Plan voor hergebruik SS-gevangenis Kamp Vught leidt tot commotie
Het plan om de voormalige SS-strafgevangenis in concentratiekamp Vught om te bouwen tot cellen voor zwaarbewaakte topcriminelen leidt tot commotie. „Een blunder.”
Nederland kampt met een probleem. De capaciteit om topcriminelen vast te zetten, schiet ernstig te kort. De Tweede Kamer wil daarom acht cellen voor topcriminelen realiseren in een gebouw op het afgesloten terrein van de Penitentiaire Inrichting Vught (PI Vught). Het zwaarbeveiligde gevangeniscomplex met plek voor 750 gedetineerden en tbs’ers ligt pal naast het Nationaal Monument Kamp Vught .

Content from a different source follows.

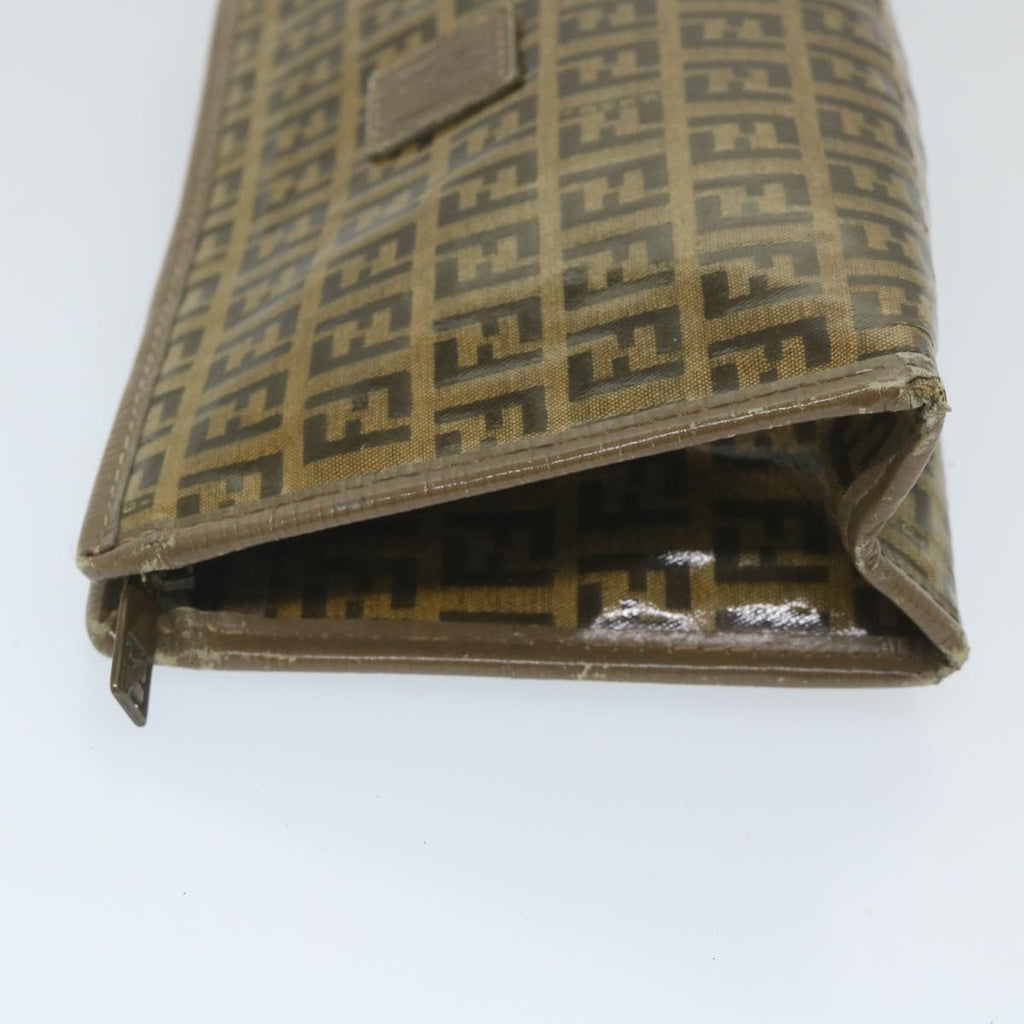 FENDI Zucchino Canvas Clutch Bag Coated Canvas Brownti1272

Een groep experts tekent protest aan tegen de plannen. Het gebouw, een rijksmonument, is namelijk de voormalige ”bunkergevangenis” van het enige SS-concentratiekamp in Nederland. Het pand met 150 cellen is tien jaar geleden afgekeurd als gevangenis en doet nu dienst als opslag- en vergaderruimte.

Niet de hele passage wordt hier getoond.